DrW, truer words were never spoken. I often have older graduate students (lawyers, politicians, bankers, historians, etc.) who have had established and successful careers, but who are, nonetheless, somewhat new to certain aspects of the technicalities of statistical analysis. The smart ones get themselves into a project group with at least one savvy millennial (or an old woman like me
)with the math and stats background, and they LISTEN and LEARN. They contribute their best, but they never stop the math geeks from contributing their best.Those groups succeed.
But when I see an older student insisting that their way works and yes of course they understand probability, but there's NO WAY their common sense is wrong, then I know I have a group that's going to have trouble.
I'm sensing that the Elder Dale might fit that category.
Regarding problems with certain Elders, this morning our team is putting the finishing touches on two documents that will be used to publicly and professionally refute a paper and a blog post written by an overzealous elder environmentalist who claims to be a Ph.D. engineer - and whose published conclusions and claims are demonstrably dead wrong.
This old guy appears to be experienced but has clearly failed to keep up with the literature. As a consequence, he has made a fool of himself in public with these two publications. This would be of little interest to us except that his nonsense directly contradicts the existence of environmentally beneficial technology that we have invented, developed and are commercializing.
When our staff saw the offending blog post, they were concerned. When we saw the associated paper, we considered that clients or potential stakeholders may see his published nonsense and decide to act accordingly. Realizing that this author's misinformation and false claims could be in the literature for time and all eternity (or at least a few billion years), we decided to expend the effort to refute his sloppy work. We did so because we understand the damage that apparently credible but uninformed or misguided "professionals" can do to the reputation of emerging technologies. We needed to do what we could to prevent or minimize such damage.

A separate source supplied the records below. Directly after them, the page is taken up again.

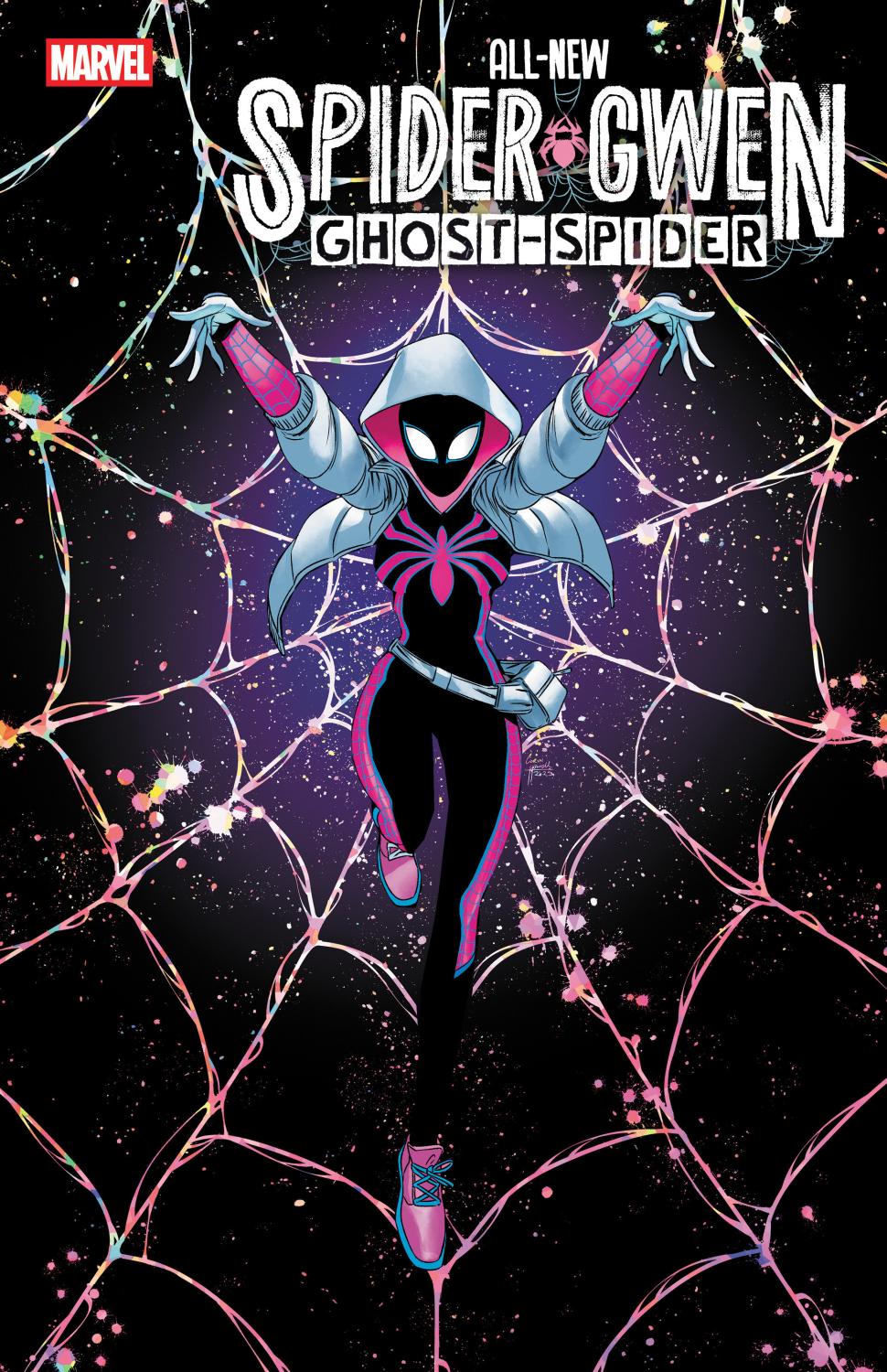 ALL-NEW SPIDER-GWEN THE GHOST-SPIDER #3 CORIN HOWELL SPIDER-GWEN VAR CVR C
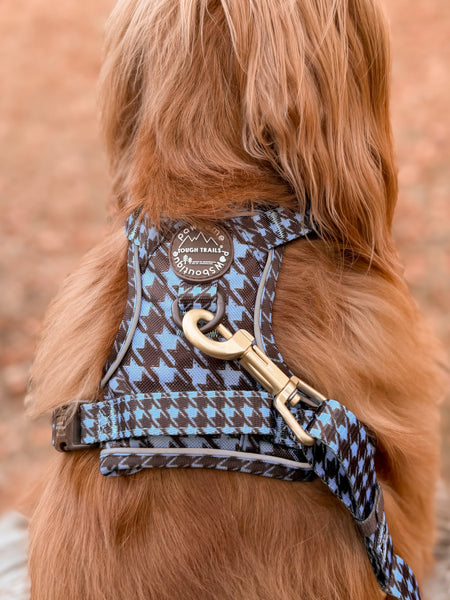 AdjustFit Lead - Horizon Houndstooth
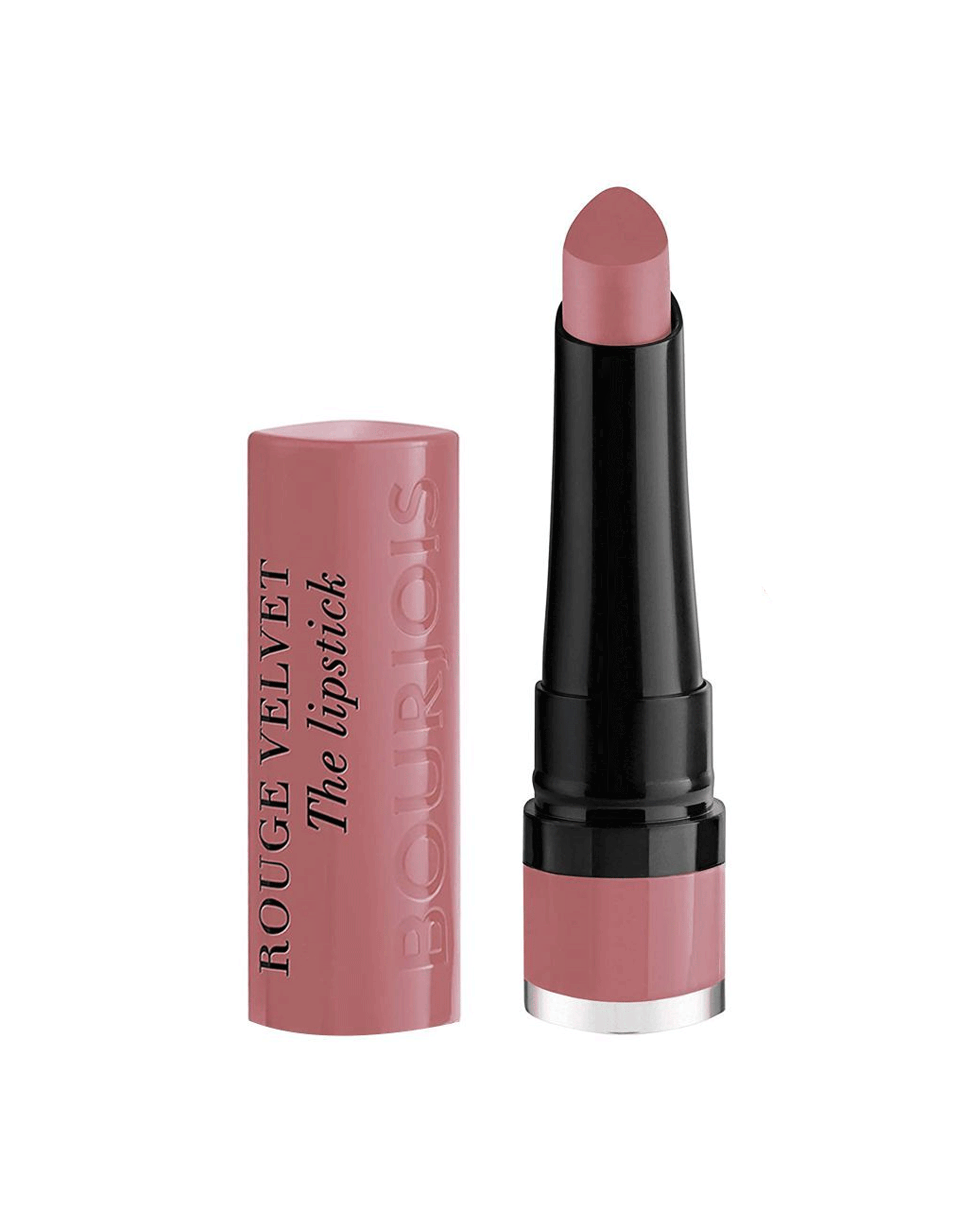 Bourjois (8658) rouge Velvet The Lipstick 32 - Chou Pink - Snapcart.pk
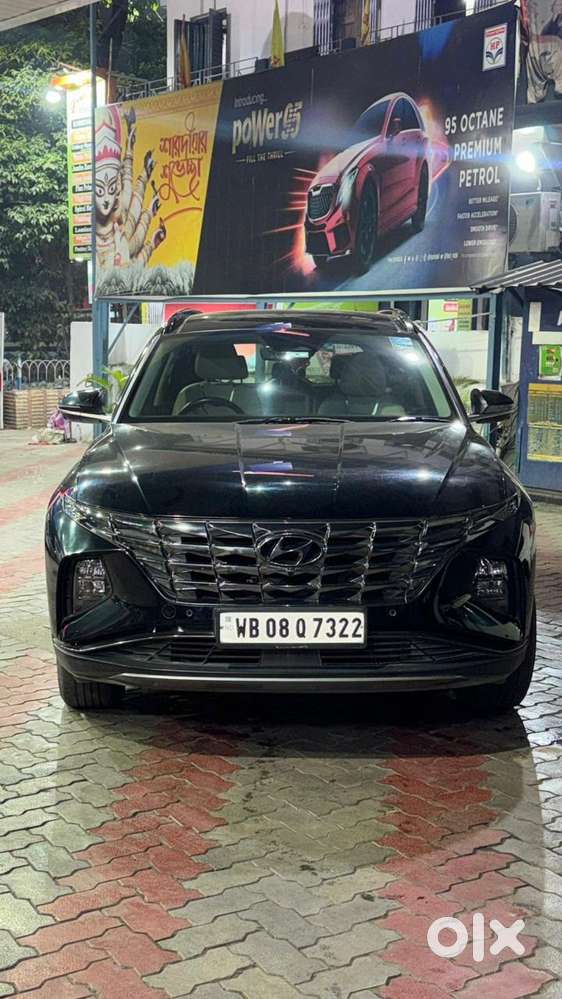 Hyundai Tucson Facelift Sel, 2023, Diesel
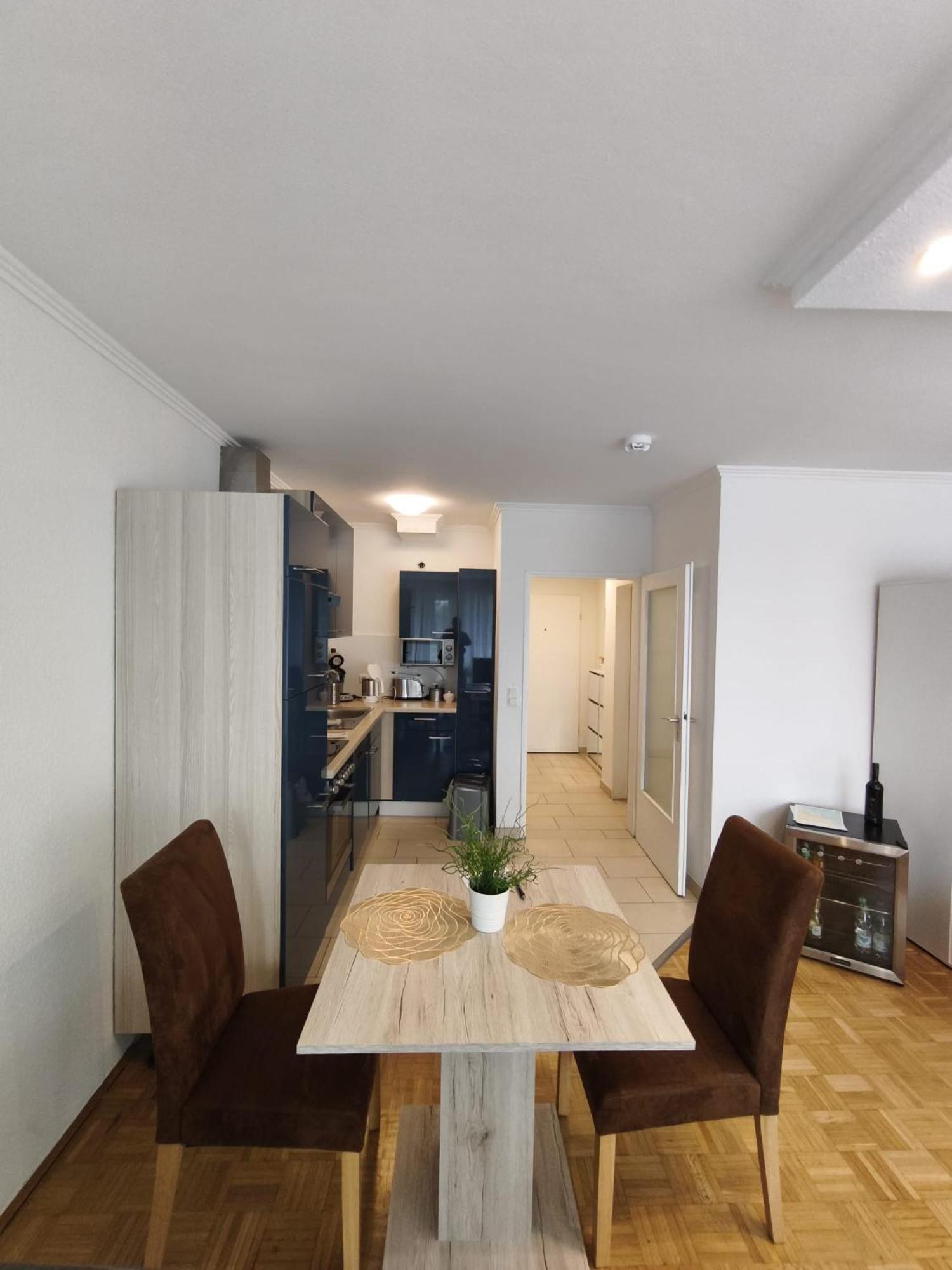 Ferienwohnung Finkenweg Bad Neuenahr-Ahrweiler Ngoại thất bức ảnh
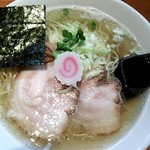 中華そば とみ屋 - 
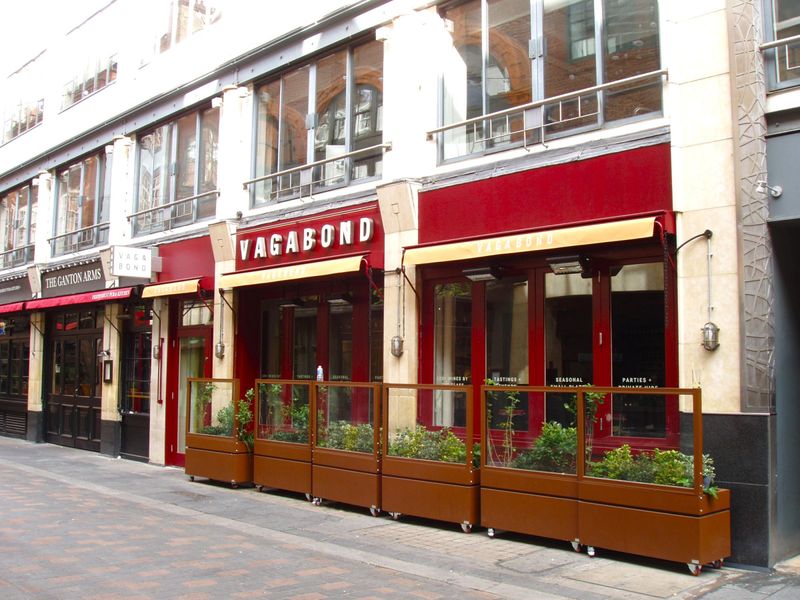 Vagabond Soho-1. (Pub, External, Key). Published on 26-07-2026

The Interpreter should do no less. Like our other Ph.D. engineer friend on the internet, Dr. Bruce Dale has made a fool of himself. He should voluntarily withdraw the Interpreter paper.
Alternatively, if the Interpreter is truly the organ of scholarship that it claims to be, then it should be willing to publish a properly peer reviewed paper, authored by qualified and credentialled individual(s) who can set the record straight with regard to the false claims made by Dr. Dale.
As a faithful Mormon on the MAD Board has stated, sloppy work, falsehoods and misrepresentations, even if intended to help strengthen the faith of believers, do more harm than good in the long run.